Cleveland Mayor George V. Voinovich, a businesslike Republican and frequent White House ally, said Reagan's effort to shift federal programs to the states is "bad public policy" that extends aid to those who least need it.

"I don't think it's doing what the ideologues in the White House think it should do," said Voinovich, the new president of the National League of Cities. "There's a growing sentiment that it's not working."

Cleveland, he said, received federal aid to exterminate rats until that program was folded into a health-care block grant to the states. "Now the state has a brochure on how to kill rats, and we don't get any money to kill them anymore," Voinovich said.

It is not surprising that most of the Democratic mayors who gathered here for the league's winter meeting are hostile to New Federalism. They were among the leading critics of Reagan's sweeping 1982 plan to transfer dozens of federal programs to states, calling it camouflage for further budget-cutting.

Despite their opposition, the administration succeeded in merging a number of programs into state block grants, and now White House officials are talking about extending this effort in Reagan's second term.

Voinovich, who looks and sounds like a midwestern banker, is the kind of Republican who might be expected to support the plan. He does not.

Voinovich's favorite example involves the $725 million summer youth-employment program.

Reagan folded the program into the Job Training Partnership Act and turned it over to the states, which distributed much of the money to small communities. Cleveland, Chicago and other big cities lost nearly half their summer-job funds and had to pressure Congress into voting another $100 million to make up the difference.

"The states gave the money to all these little towns that didn't need it, and the ones that really needed it didn't get it," Voinovich said. "Now there's a bigger constituency out there to keep that program, and everyone and his brother will be promoting it. The block-grant approach spreads the money around to too many places.

"It's stupid politics," he added. "It's the best way for the Reagan administration to keep Democratic governors in power. The governor gets the money and wraps a ribbon around it, and people think it's Ohio money."

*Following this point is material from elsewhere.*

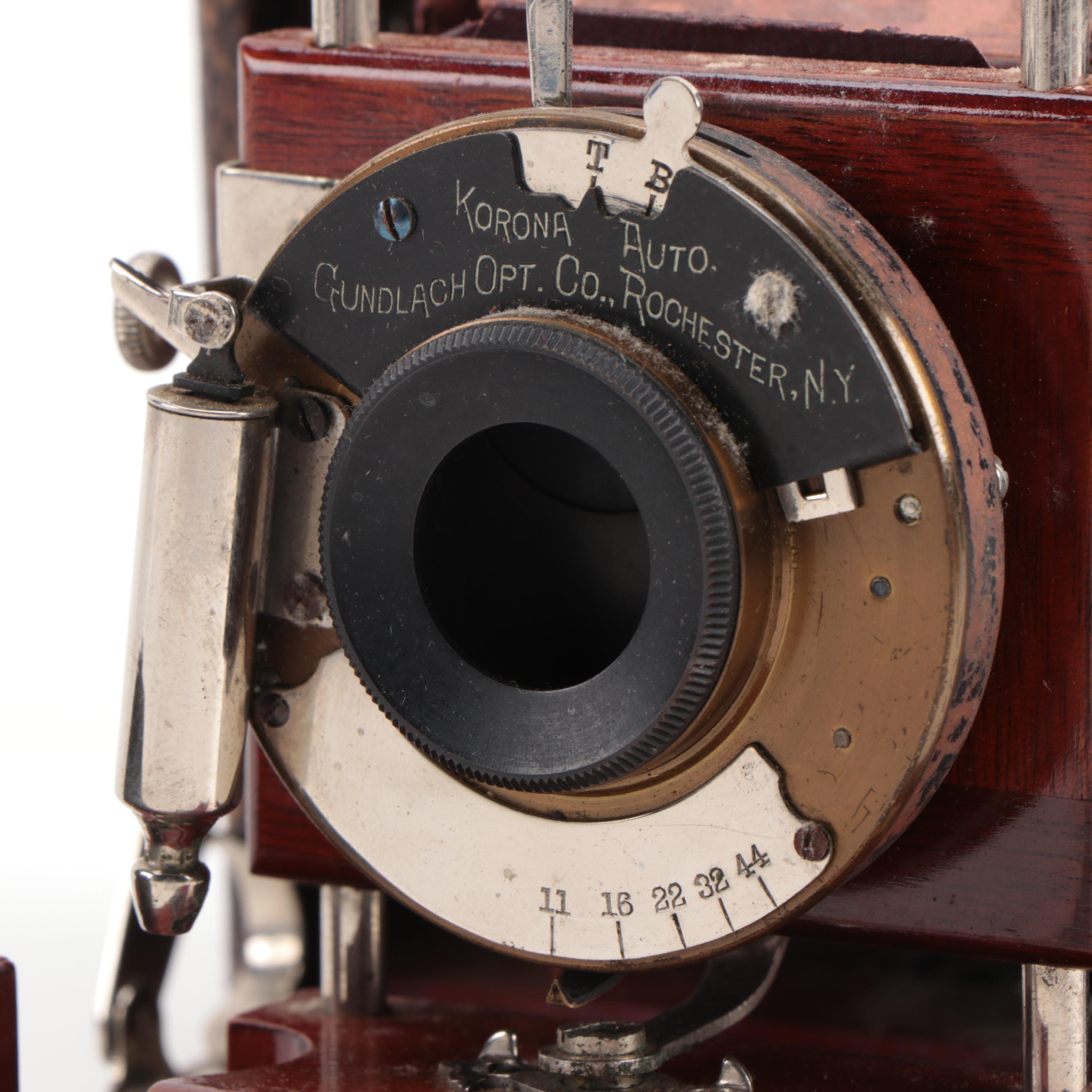 Gundlach Optical Co. Korona View Camera with Film Holders, 1900-1912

Other mayors voiced more traditional criticisms. "In many areas, all we've done is to build a new bureaucracy at the state level," said Colorado Springs Mayor Robert M. Isaac (R).

St. Paul, Minn., Mayor George Latimer (D) said administration officials might use New Federalism "to dignify their effort to avoid national responsibilities, but it won't wash."

"Most local officials feel they don't get a fair shake from the states, and they'd rather deal with the feds," said Indianapolis Mayor William H. Hudnut III (R). "All this talk about sharing power and responsibility with Washington is fine, but if the money doesn't accompany it, you've got a huge problem."